In the Illinois legislature, every bill is supposed to get three readings on the House floor on three separate days, and three readings on the Senate floor on three separate days, before any floor vote. That process is intended to give each Representative, Senator, affected constituent, and the general public plenty of time to read the legislation, figure out what is in it, and make their views known to legislative leaders before a new law is voted on. Controversy over proposed legislation is meant to be publicly aired and debated before new laws are passed. However, like much that happens in Illinois politics, the process has been corrupted by slick legislative maneuvers designed to keep public debate to a minimum by secretly passing the most controversial bills a night or two before the end of the session, and quietly sending a large package of sneaky bills to the Governor’s desk for his signature after the legislative session ends and all the news reporters have gone home for the summer.

Here’s how it works: Legislative leaders who want to sneak through controversial or unpopular bills will put a “place holder” bill in the hopper early in the legislative session. The “place holder” will be a seemingly innocuous, short measure with no controversial text, and a subject – say, clean energy - arguably related to the “real” bill. The “place holder” passes without debate through committees passes one house and gets two readings on the floor of the other house. Meanwhile, in secret late night meetings in the back rooms of the Capitol, and in Springfield bars and restaurants, lobbyists and legislative leaders hammer out the desired but unpopular, complex and lengthy text of the “real” bill they intend to pass.

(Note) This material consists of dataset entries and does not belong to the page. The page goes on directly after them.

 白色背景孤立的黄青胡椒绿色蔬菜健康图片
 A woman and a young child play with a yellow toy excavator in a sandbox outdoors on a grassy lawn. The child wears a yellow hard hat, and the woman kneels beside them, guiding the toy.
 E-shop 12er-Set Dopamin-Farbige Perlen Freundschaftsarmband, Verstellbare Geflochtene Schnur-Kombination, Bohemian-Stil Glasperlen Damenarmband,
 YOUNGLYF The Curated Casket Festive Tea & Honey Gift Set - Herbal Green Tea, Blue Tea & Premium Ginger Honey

At the last minute, usually one or two days before the end of the legislative session, the “place holder” is amended in the house that hasn’t passed it yet, by “deleting everything after the enacting clause” and substituting the secretly crafted and already vote counted mystery text of the “real” proposed law. The bill passes in that house, and a vote of concurrence in the amendment is taken minutes later in the other house, and off the secret text of the legislation goes to the Governor’s desk without a peep from the press or the public. This is stealth legislation at its finest.

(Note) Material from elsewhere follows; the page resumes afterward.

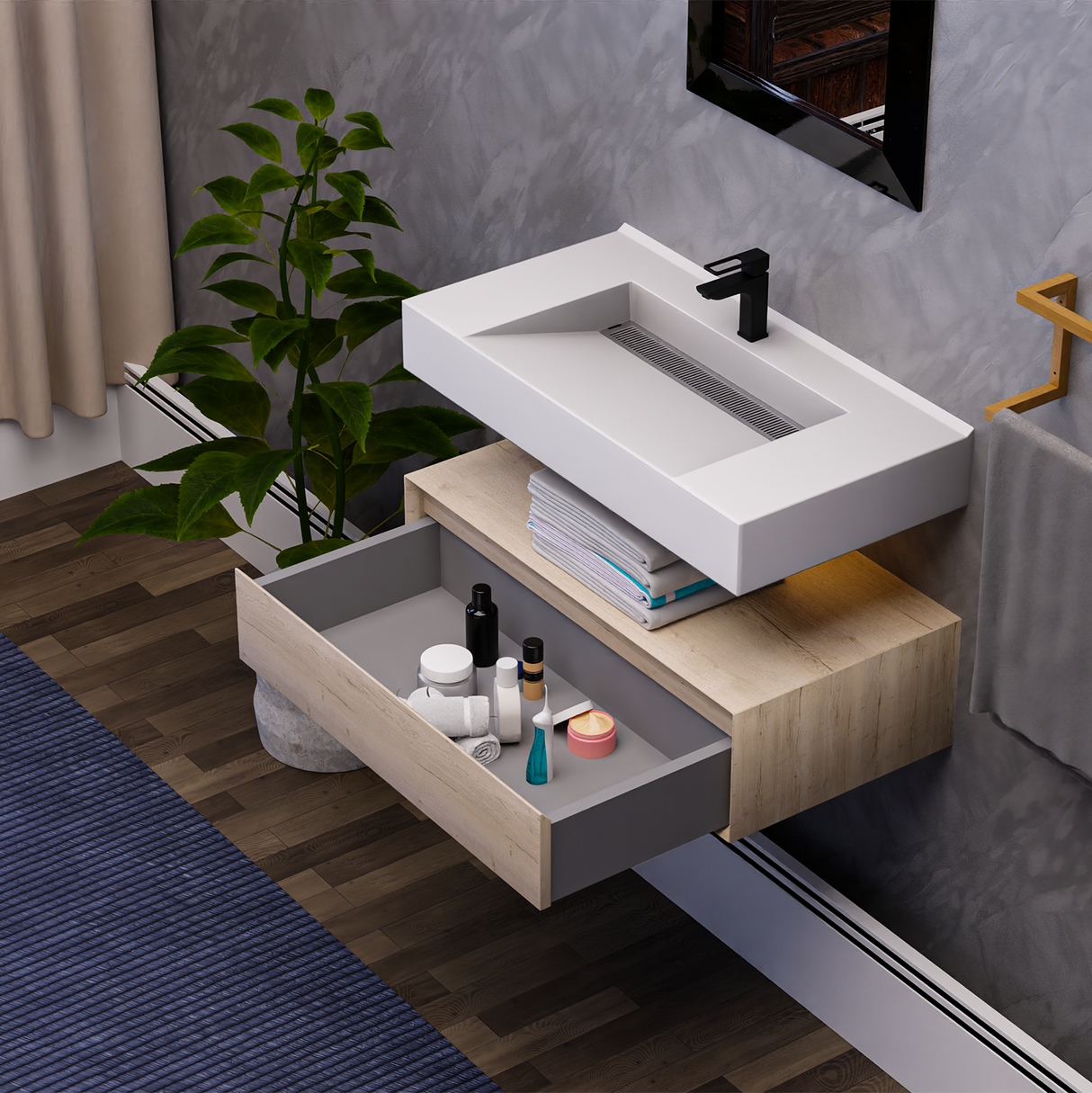 Alysa 36" Floating Bathroom Vanity Set with FLX16 Acrylic Sink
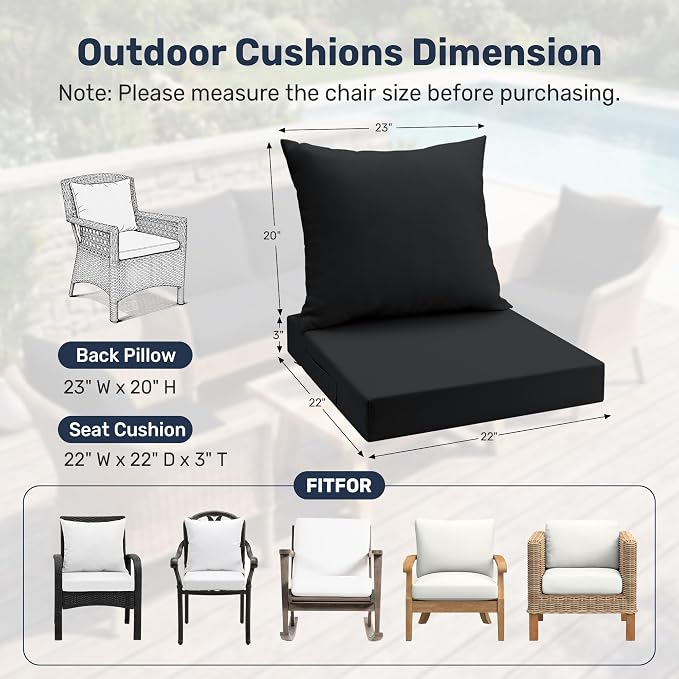 UNIKOME Outdoor Seat Cushions 22 X 22 Inch - Water-Resistant & Fade Resistant, Removable Cover Patio Furniture Cushions for Chair, Sofa, Couch, Wicker, Black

Here’s how everything went down in this particular case: On February 10, 2012, SB 3766 the “place holder” was introduced. This version directed the ICC to have its Office of Retail Market Development prepare a study and report to a joint legislative committee and the Governor on municipal aggregation in the natural gas market – sounds innocuous. The first reading in the Senate was the same day. March 27, 2012, was the second reading and addition of a floor amendment permitting gas utilities to include transportation charges on their bills for piping gas bought from other sellers to homes or businesses. Another red herring. The bill as thus amended had its third reading in the Senate on March 29, 2012, and passed the Senate.

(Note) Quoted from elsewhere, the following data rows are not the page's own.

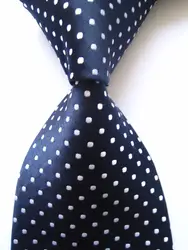 Человек Гон Новый Повседневное Для мужчин галстук темно-сине-белые Dot жаккард 100% шелковые галстуки Для мужчин праздничная одежда Бизнес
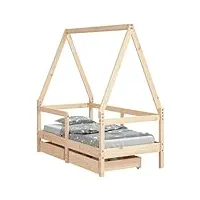 vidaxl cadre de lit pour enfants, lit simple avec sommier à lattes, meuble de chambre à coucher, scandinave, marron 70x140 cm bois de pin massif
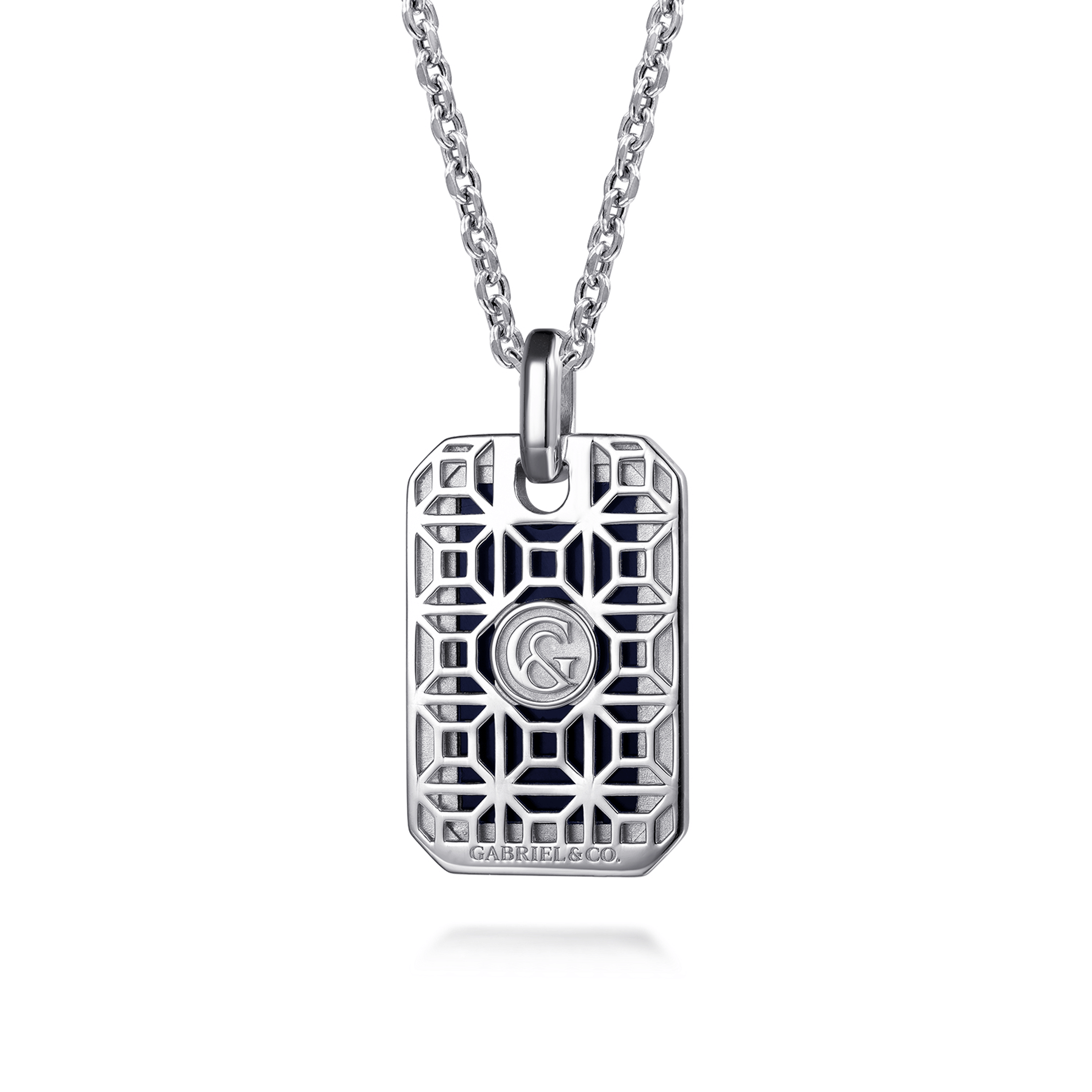 925 Sterling Silver Onyx Dog Tag Pendant Necklace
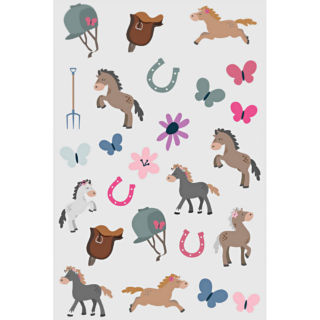 neptattoos met paarden, hoefijzers, bloemen en vlinders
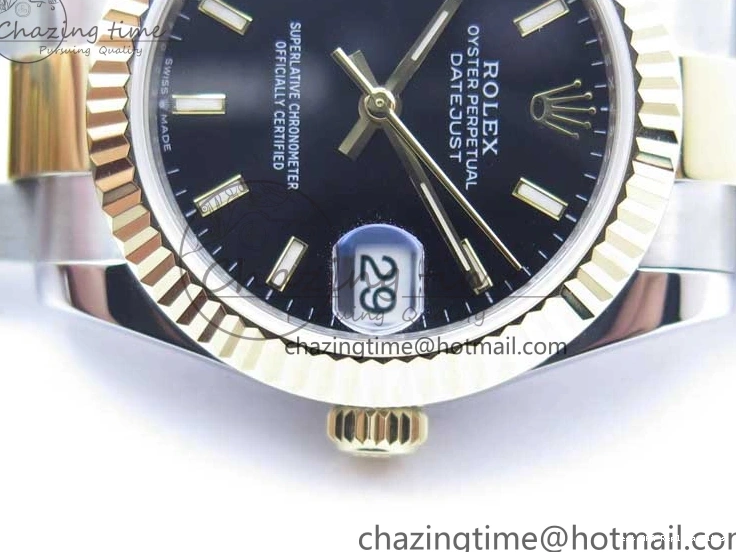 Best AAA Replica Sites Sticks YG BP Edition Black WaterResistant Bracelet Datejust on 278273 2718 SS Best Markers Dial Maker YG 31mm SS Oyster 0112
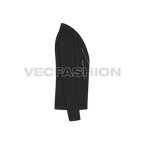 Mens Classic Biker Jacket Vector Template flat sketch, side view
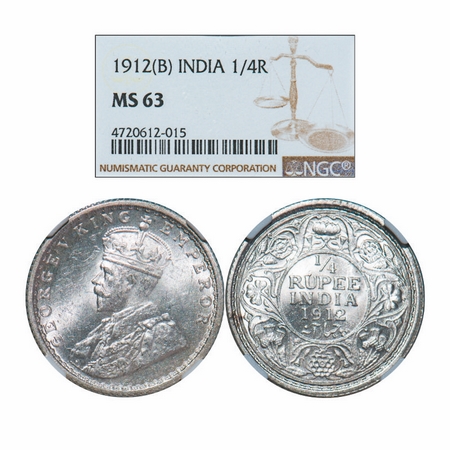 George V, Silver, 1/4 Rupee, 1912, Bombay Mint, Dot, Redrawn Elephant. GK 1082. NGC Slabbe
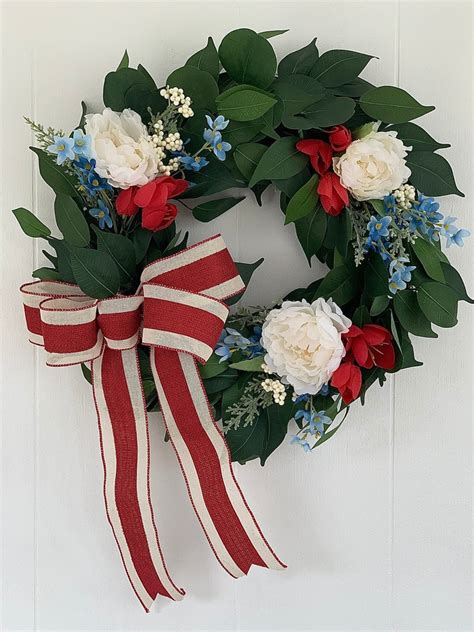 Red White And Blue Door Wreath For Summer 4th Of July Etsy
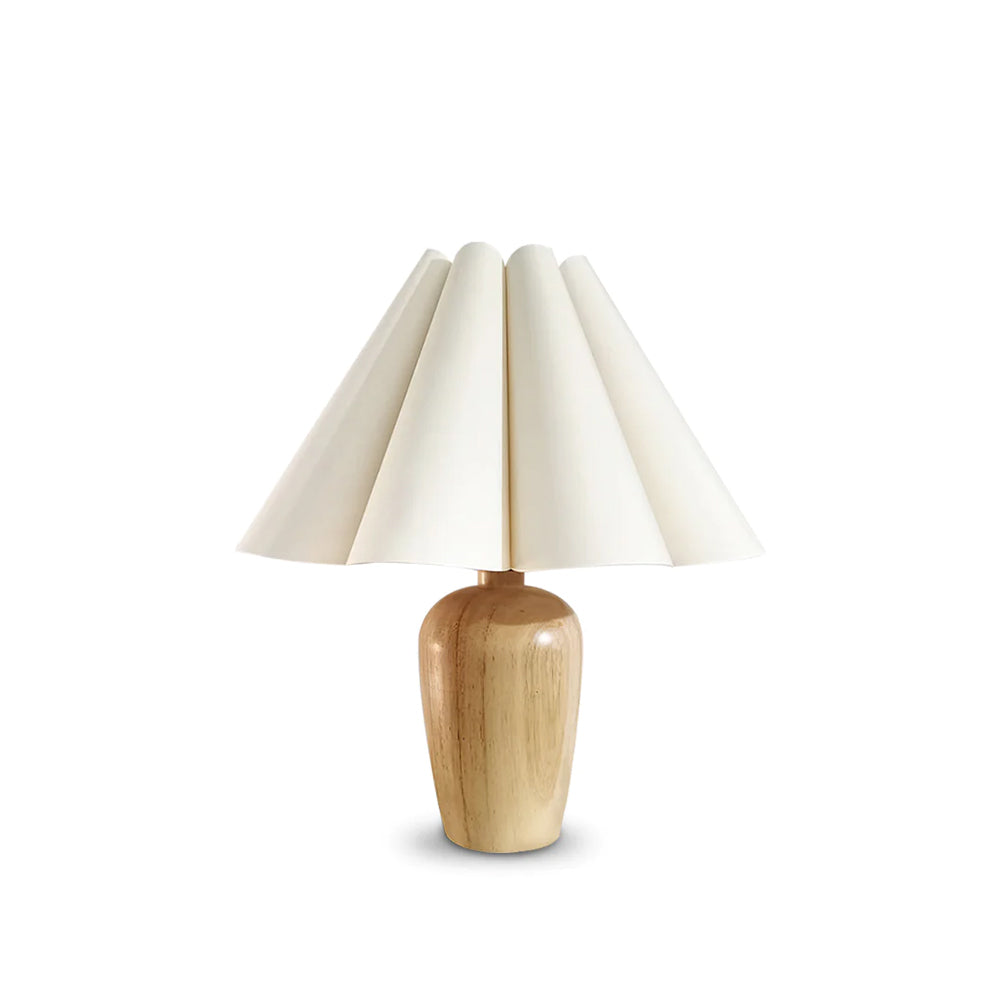ChicGlow – Velvet Pleated Table Lamp with Wooden Stand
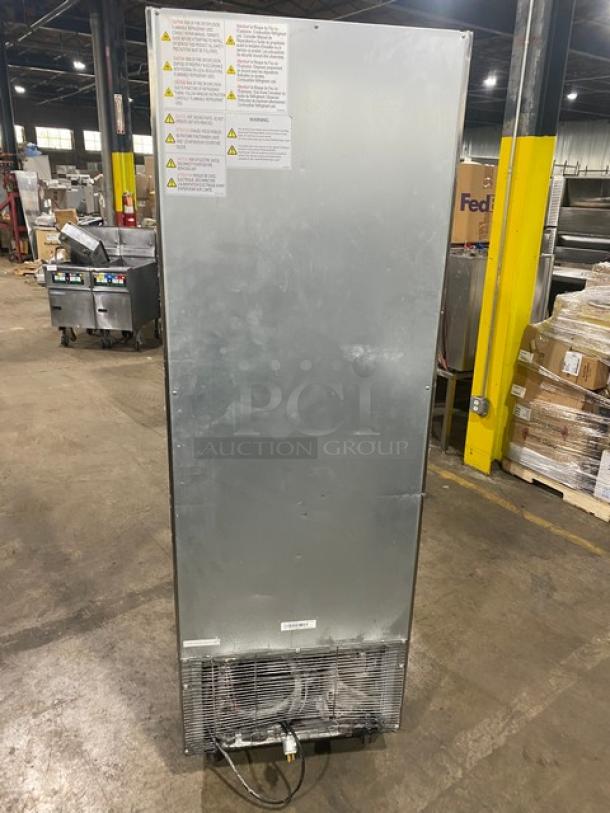 2021 Maxx Cold stainless steel one-door reach-in cooler, model MCR23FDHC, with poly-coated racks, on casters.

Over in the House, the Senate passed bill as amended so far had its first House reading the very same day it passed the Senate. The entire month of April and most of May went by with no publicly apparent action on this seemingly innocuous bill. Then as the final hours and minutes of the legislative session ticked away, the heretofore secret “real” bill forcing Ameren, Peoples Gas and Nicor to accept the 30 year inflated price synthetic gas purchase contracts they successfully resisted last year before the ICC materialized May 30 as House Committee Amendment No.1. May 30 the House second reading took place, and May 31 the “real” bill passed the House on the third reading. The same day the Senate voted to concur in the House amendment gutting the entire text of SB3766 and replacing it with the 30 year inflated price synthetic gas purchase mandate.

The “real” bill, now passed by both houses after seeing the light of day for only a little over 24 hours, is now on Governor Quinn’s desk. Nothing but his veto pen stands between gas utility customers and guaranteed rate increases for the next 30 years. Let him know now how you feel about that.